Location: Because students need to make sense of what they learn, observe and experience, it is crucial to ensure the continuity of the philosophy of the program. Students should do the majority of their practical hours at the school they are enrolled in. Students should interact with teacher trainers who share a same vision, mission, goals and educational approach.
A school may decide to offer alternative locations to their students for some of the practical hours. In that case, the school becomes responsible for establishing parameters to ensure the continuity of the program. The alternative location must have a similar way of teaching and supervising students. The school is also responsible for establishing a system to monitor student progress during practical hours. A school could for example offer its students the option to work with one of its graduates. 
Fees: As per US norms for vocational schools, students cannot be paid for their practice teaching hours. The school can charge clients a fee to cover expenses such as electricity but this money cannot go to students. 
On the other hand, if the school charges its student a fee for self-practice hours (to access the studio or because students are required to take a certain number of lessons), for observation hours or for practice-teaching hours, all costs must be explained in the school catalog and in the enrollment agreement. 
2. Costs:
Transparency is one of the most important elements promoted by PSAP. Schools that wish to become PSAP Approved must disclose all costs associated with a teacher training program. This includes (but is not limited to) the application fee (if any), the registration fee (if any), the costs associated with the pre-requisites (if any), the tuition, the costs of the books, the exam fees and the costs associated with practical hours (price for required lessons, if any, and studio access fee, if any).
PSAP Approved Schools are also required to give the total price of their comprehensive program (the addition of all the costs listed above and any other fees students must pay).
3. Terminology:
Schools that wish to become PSAP Approved are asked to provide a description of their program. In an effort to promote transparency and clarity of information, the Pilates School Approval Program asks schools to avoid terms that cannot be defined objectively. "True" or "authentic" are for example words that should not be used as there is no point of reference to define authenticity in the context of teaching Pilates.
Terms such as "Master teacher" or "Classical Pilates" are acceptable if clearly defined. 
4. CEC requirement to maintain a certificate:

Schools provide education to students to graduate with a diploma or certificate. Diplomas or certificates do not need to be renewed, unlike a certification. Clarifying the function of a school vs the function of a certification program is a major priority for the PMA, PSAP, and the National Pilates Certification Program. Therefore, PSAP cannot approve a school that requires CECs (Continuing Education Credits) of its graduates to sustain their graduate status. This is a norm for schools of all kinds. 

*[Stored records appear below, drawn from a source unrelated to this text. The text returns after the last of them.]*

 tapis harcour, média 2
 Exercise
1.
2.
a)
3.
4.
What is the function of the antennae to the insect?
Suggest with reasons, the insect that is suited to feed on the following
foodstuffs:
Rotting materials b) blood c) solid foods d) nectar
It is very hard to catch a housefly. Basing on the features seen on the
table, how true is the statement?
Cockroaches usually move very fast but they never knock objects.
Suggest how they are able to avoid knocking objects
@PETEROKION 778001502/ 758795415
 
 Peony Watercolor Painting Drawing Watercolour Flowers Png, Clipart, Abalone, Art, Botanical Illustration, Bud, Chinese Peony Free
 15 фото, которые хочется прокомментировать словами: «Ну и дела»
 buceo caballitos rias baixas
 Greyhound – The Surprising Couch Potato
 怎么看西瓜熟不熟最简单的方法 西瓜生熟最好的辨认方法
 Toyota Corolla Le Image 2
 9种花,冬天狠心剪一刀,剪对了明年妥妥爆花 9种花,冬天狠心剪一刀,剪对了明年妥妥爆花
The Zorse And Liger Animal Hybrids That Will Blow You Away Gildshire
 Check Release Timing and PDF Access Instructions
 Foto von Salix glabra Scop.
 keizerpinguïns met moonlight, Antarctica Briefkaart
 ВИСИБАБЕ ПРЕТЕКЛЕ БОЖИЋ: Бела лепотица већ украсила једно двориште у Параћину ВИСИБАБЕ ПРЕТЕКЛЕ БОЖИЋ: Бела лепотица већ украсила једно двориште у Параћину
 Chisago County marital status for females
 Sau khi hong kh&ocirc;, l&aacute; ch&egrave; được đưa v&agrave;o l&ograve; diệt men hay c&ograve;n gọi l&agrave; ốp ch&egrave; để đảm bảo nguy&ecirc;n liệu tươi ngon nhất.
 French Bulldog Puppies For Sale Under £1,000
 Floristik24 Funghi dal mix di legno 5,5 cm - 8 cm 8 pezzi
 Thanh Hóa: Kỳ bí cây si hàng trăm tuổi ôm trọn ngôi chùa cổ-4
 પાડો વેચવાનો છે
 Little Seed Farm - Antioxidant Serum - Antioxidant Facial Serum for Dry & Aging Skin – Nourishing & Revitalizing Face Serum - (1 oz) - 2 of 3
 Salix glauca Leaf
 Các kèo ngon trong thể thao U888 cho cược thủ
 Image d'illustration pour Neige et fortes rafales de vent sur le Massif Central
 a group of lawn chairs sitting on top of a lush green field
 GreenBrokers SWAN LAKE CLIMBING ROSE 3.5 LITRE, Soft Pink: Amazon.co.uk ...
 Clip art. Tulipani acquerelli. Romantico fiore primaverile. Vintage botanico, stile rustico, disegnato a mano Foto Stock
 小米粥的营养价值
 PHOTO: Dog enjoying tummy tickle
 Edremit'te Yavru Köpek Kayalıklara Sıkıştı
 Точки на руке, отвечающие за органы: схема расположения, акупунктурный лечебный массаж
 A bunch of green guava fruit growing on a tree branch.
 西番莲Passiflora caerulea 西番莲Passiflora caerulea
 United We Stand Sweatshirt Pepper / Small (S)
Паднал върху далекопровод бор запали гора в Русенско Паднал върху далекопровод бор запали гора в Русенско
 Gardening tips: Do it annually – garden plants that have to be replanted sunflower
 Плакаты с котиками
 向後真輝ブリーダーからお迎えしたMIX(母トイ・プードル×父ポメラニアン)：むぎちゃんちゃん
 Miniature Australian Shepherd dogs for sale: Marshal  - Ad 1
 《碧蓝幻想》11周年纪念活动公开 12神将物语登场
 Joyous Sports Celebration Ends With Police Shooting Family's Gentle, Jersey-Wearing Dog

Schools are welcome to  build a culture that promotes and encourages a continuing education process and supports the values of the PSAP and NPCP. Schools can encourage the CEC process within their program but cannot require their graduates to produce CECs or lose their graduate status.

5. Refund policy:
Schools that wish to become PSAP Approved must have a refund policy in place. If the school is licensed by the state, the school must use the refund policy required by the state. If the school is not state licensed, the PSAP refund policy must be adopted:
"If the student leaves having completed 10% or less of the program, the refund is 90% less the cancellation charge; if the student leaves having completed 25% or less of the program, the refund is 75% less the cancellation charge; if the student leaves having completed between 25% and 50% of the program, the refund is 50% less the cancellation charge; if the student leaves after 50% of the program, there is no refund."
6. If the school offers more than one program:
Some schools might offer more than one program (variations of the comprehensive program, programs on one piece of apparatus or workshops). Schools going through the application process are only applying to have one comprehensive program approved. Prospective students must be made aware that the other trainings offered by the school have not been reviewed by the PSAP.